*My takeaways:* 1. L1 and L2 logistic regression 5:22 2. Receiver operating characteristic 16:00 3. Statistical Sins 26:55 3.1 Example1: statistics about the data is not the same as the data, we should plot and visualise data 28:40 3.2 Example2: lying with charts, e.g. Y-axis start point 30:57 3.3 Example3: lying with charts, e.g. Y-axis start point, no Y-axis label, confusing X-axis label 32:45 3.4 GIGO: garbage in garbage out: analysis of bad data is worse than no analysis at all 35:40 3.5 Survivor bias: it's not easy to get random samples in real life 41:35, in such cases, we can't use the empirical rule, central limit theorem and standard error on them 46:38
I was playing around with the Titanic data and noticed another correlation between features - The average ages of the passengers was not evenly spread across the different cabin classes, with the cabins having average ages of 39.16 for first class, 29.51 for second class, and 24.82 for third class. Examining the weights that logistic regression provides when evaluated on just a single cabin class shows that age within a cabin class is strongly associated with the passenger surviving.
@25:00 As sensitivity increases specificity decreases, so plotting sensitivity vs specificity will result in a convex curve. Whereas sensitivity vs 1 - specificity will result in a concave curve and AOC will be easier to visualize. Also, 1 - specificity results in FP/(TP+FN) which is False Positive Rate, so it will be TPR(sensitivity) vs FPR that is the focus will be on positives...

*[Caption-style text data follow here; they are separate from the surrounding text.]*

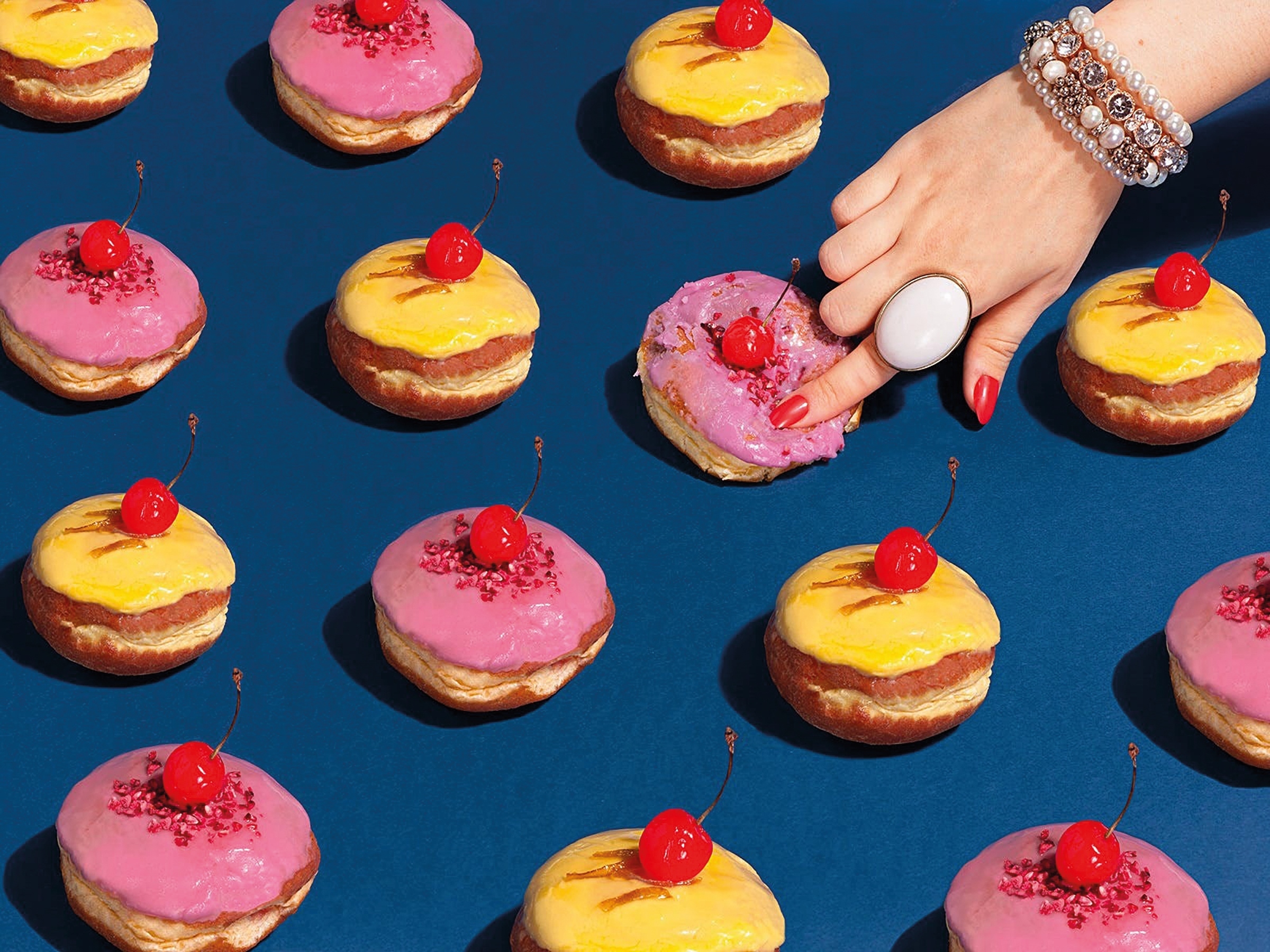 Yellow and pink doughnuts lined up in rows, a hand is coming in from the top squashing one with an index finger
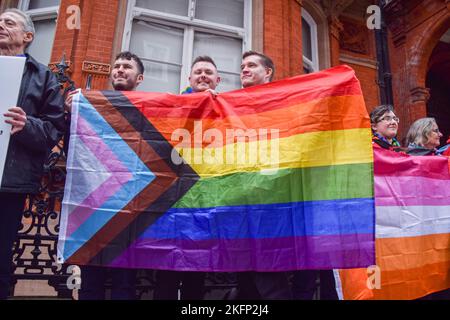 London, UK. 19th Nov, 2022. Protesters hold a pride flag during the demonstration. Activists gathered outside the Embassy of Qatar in London on the eve of the World Cup in protest against the nation's laws and stance on LGBTQ rights and general human rights violations, and FIFA's controversial decision to award the biggest soccer tournament in the world to Qatar. (Photo by Vuk Valcic/SOPA Images/Sipa USA) Credit: Sipa USA/Alamy Live News Stock Photo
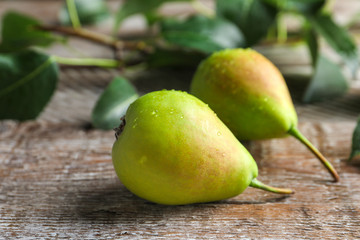 Delicious ripe pears on table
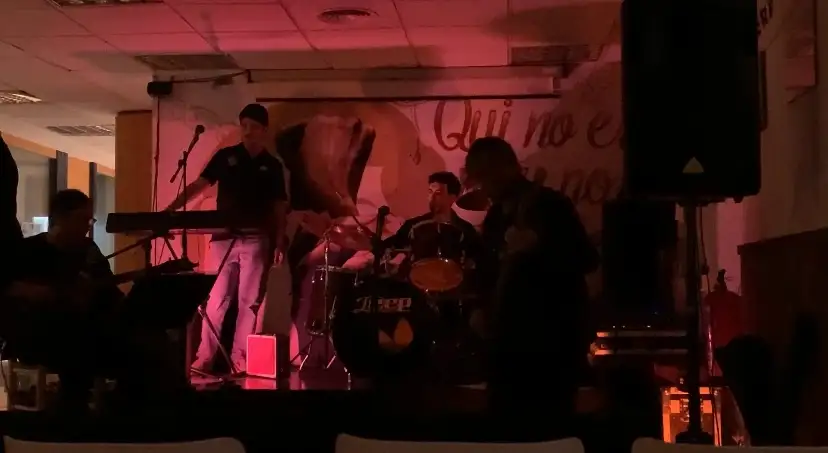 Un grup toca en un escenari petit amb llum vermellosa: teclats, bateria i baix davant un mural pintat.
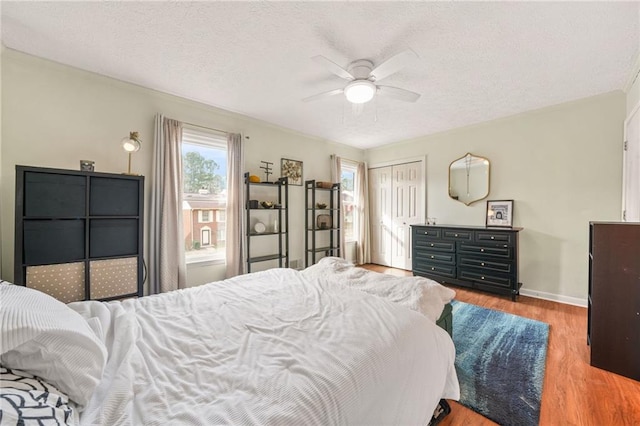 bedroom featuring a ceiling fan, a textured ceiling, wood finished floors, a closet, and baseboards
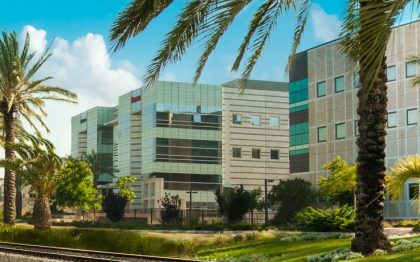 רכבת נוסעת על גבי מסילה ולצידה דקלים ומבנים עסקיים בפארק העסקים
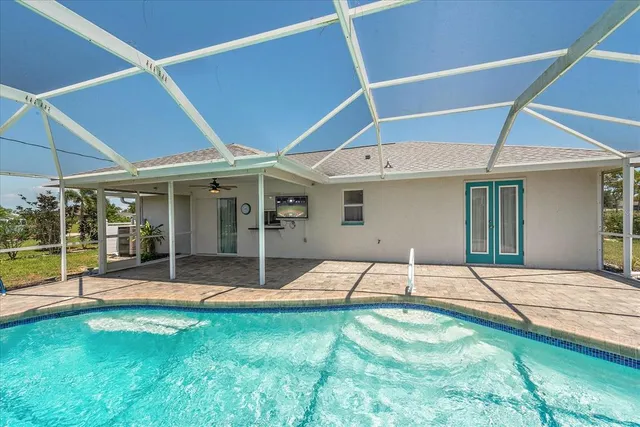 a backyard of a house with yard and outdoor seating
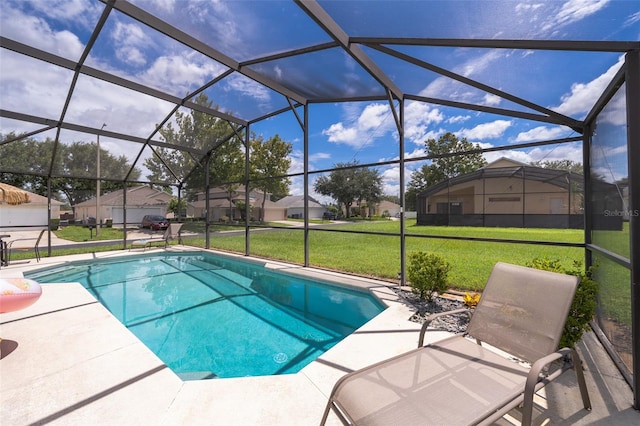 view of pool featuring a lawn, glass enclosure, and a patio area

Great lecture. Just a quick question : the age coefficient is very small (-0.03), but are all the features normalized before fitting logistic regression? If they are not, then age has a much bigger impact since the difference between a 20 and a 50 year old is (30x-0.03) =-0.9 which is almost twice the impact of being in the third cabin.

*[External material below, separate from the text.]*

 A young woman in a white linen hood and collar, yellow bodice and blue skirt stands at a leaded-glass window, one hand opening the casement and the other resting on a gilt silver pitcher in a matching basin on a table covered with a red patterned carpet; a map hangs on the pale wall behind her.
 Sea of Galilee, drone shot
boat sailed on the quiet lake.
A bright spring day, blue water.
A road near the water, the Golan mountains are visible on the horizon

So professor first makes a model with perfect collinearity and doen't explain the issues related to be doing that. The first model felt in to a dummy variable trap.

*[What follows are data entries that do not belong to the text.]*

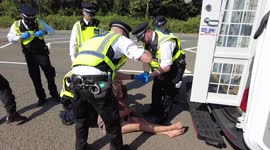 Police remove jewellery from an arrested protester and place her in to the back of a carrier after they had been locked to other protesters on a car on the A1020 blocking access to ExCeL London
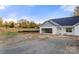 New construction home with an open garage, gravel driveway, and fenced yard at 6201 Bud Huey Rd, Waxhaw, NC 28173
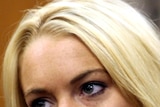Lindsay Lohan looks on impassively in court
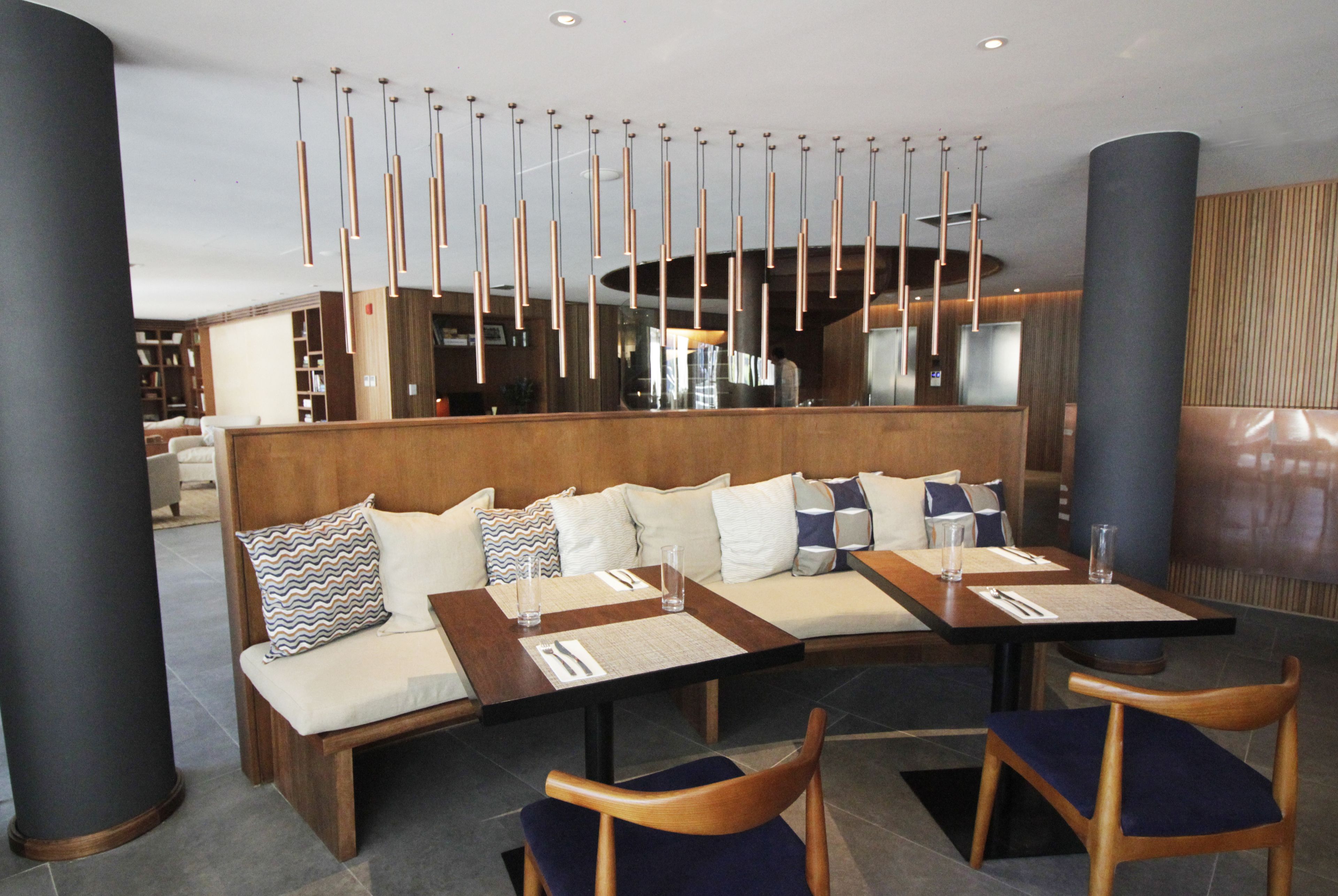 A modern dining area with a long wooden bench and a table, surrounded by chairs.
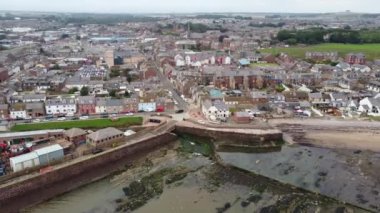 Dalgalar alçaldığında Arbroath rıhtımının insansız hava aracı görüntüsü. Evler set boyunca sıralanır..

Thanks. Video time point .... ru-vid.com/video/%D0%B2%D0%B8%D0%B4%D0%B5%D0%BE-K2SC-WPdT6k.htmlm33s . I still want to know what quote was [not] shown, so that I can insert my own picture.
The original slide read: "A Thing of the Past?" and "Insert Photo Here," referring to garbage-in-garbage-out data (see slides 19-20 in the deck found on the OCW site: ocw.mit.edu/6-0002F16).
Thanks for the great lecture. For me a bit confusing thing in the ROC curve (blue curve at 18:46) was that it wasn't showing the values of 'p' explicitly. Here is 'p' color-coded drive.google.com/file/d/15-AUzxuzvgFPfUoU3MxyCI1I1-Z19qWO/